My own feeling is that in this case some of what we are valuing here is that ‘doll’s house’ urge that many little girls go through. There’s a delight in the miniturisation of the world combined with an almost obsessive eye for detail. I have vivid memories of just such a topic that grabbed my attention as an 8 year old. I spent a whole term obsessed with yurts, gers, and all things Mongolian. I built a tiny village of gers with my own handmade felt and willow twigs, made covers, rugs, and saddle bags and generally lost myself in the creation of my own tiny world. I’m not sure how much I actually learned that term, when others were doing maths or writing poems, I remained steadfastly perfecting my village. Long after the project was over I continued my interest and even now I still love yurts.

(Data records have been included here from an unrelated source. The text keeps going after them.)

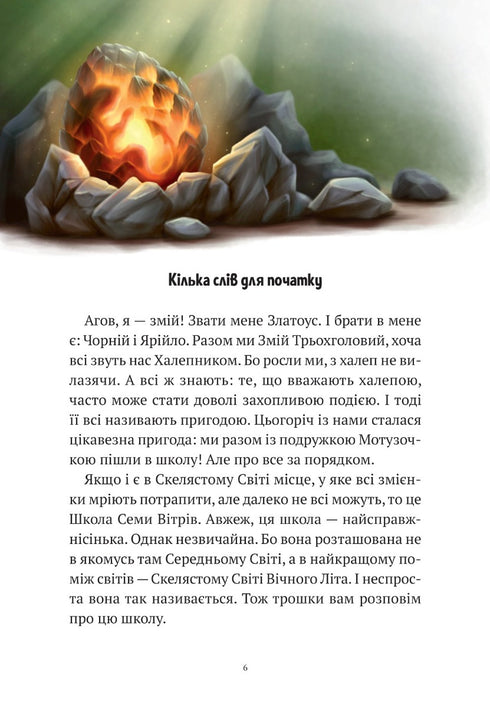 Las aventuras de la Serpiente de Cabezas Múltiples. Perlas blancas para la Reina Blanca.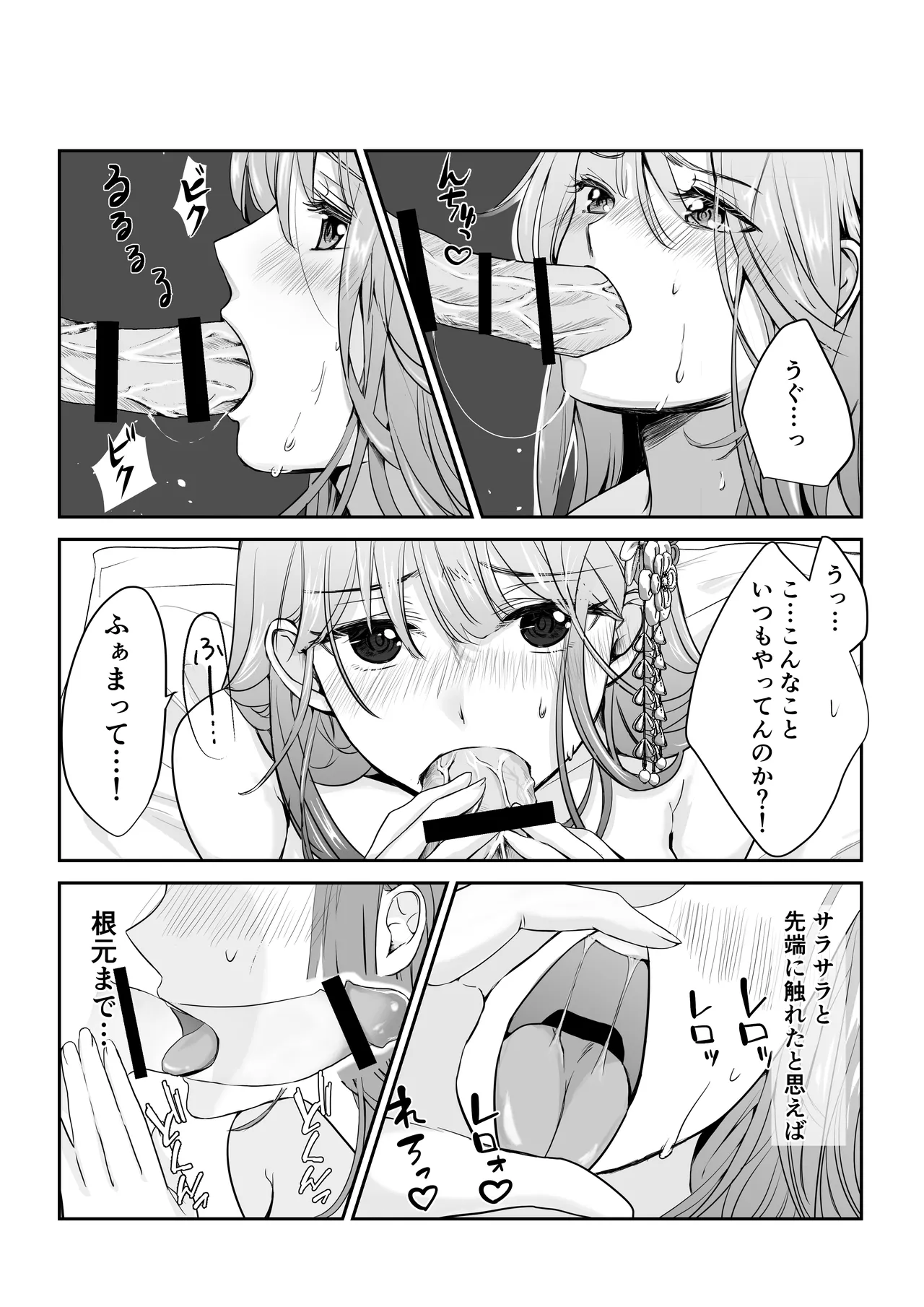 僕だけの、巫女さん。〜幼なじみの巫女が合格祈願をしてくれるらしい〜 - page16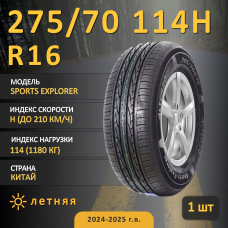 Шина Altenzo Sports Explorer 275/70 R16 114H летняя, для внедорожника, HT дорожный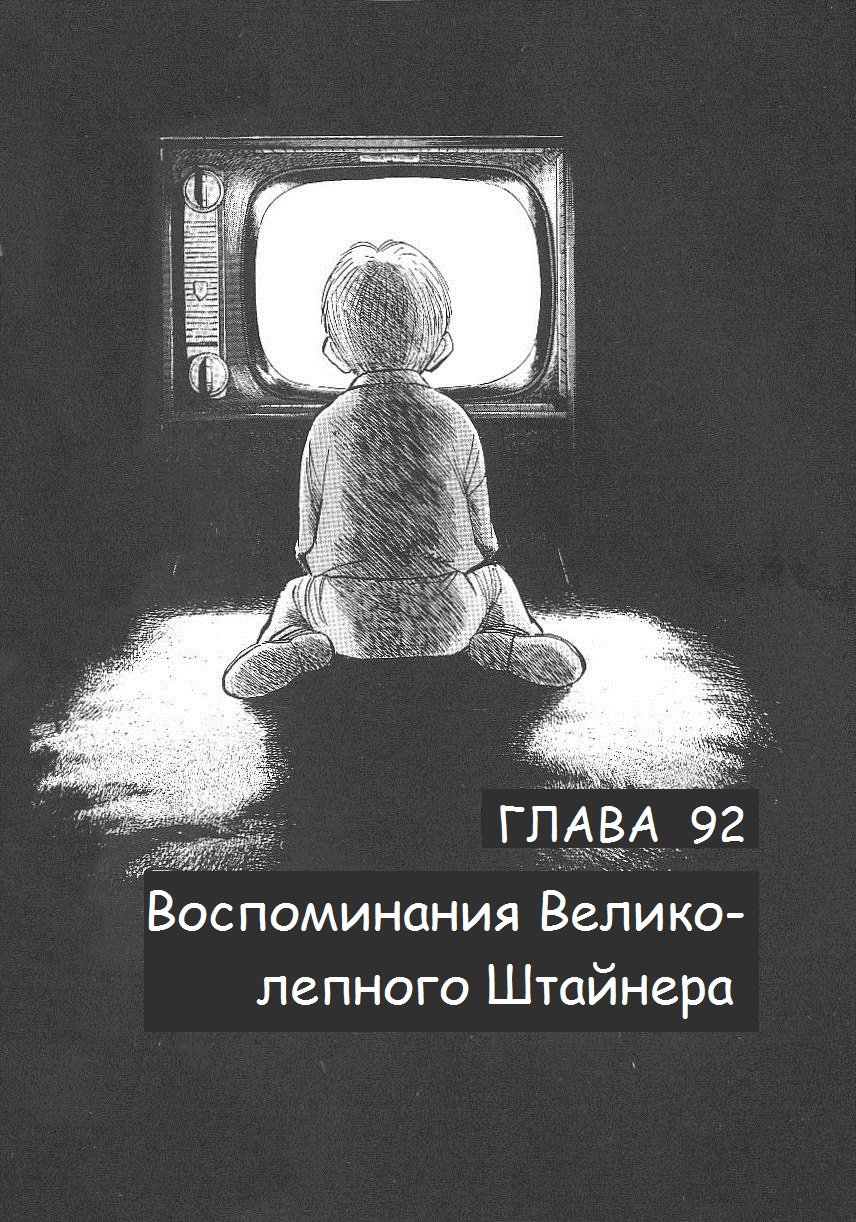Read Монстр манга читать онлайн на русском — Все главы Monster Наоки Урасавы Manga Online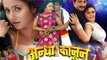 Full HD अन्धा कानून - Bhojpuri Full Movie 2015 | Andha Kanoon - Bhojpuri Film | Manoj Tiwari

That was the topic work of the long ago ’60 and ’70s and it was swept away in England with the introduction of the National Curriculum. But of course it was never really totally swept away. Good teachers always look for ways of introducing themes, it’s just that now they might be called ‘cross curricular integration’. They’ve always looked for ways of providing work that caught children’s interests at a particular stage of development, that channeled children’s skills and built on their existing capabilities. It’s just that now it might be called ‘personalisation of learning’.
I recently asked a teacher who does a great deal of work that could be described as themed how she felt about the latest swing of the pendulum back towards project work. She surprised me by recoiling in horror. With all their faults there was no way she wanted to abandon the Literacy and Numeracy hours and return to “the chaos of the classroom free-for-all.”
So what does this diorama say to you?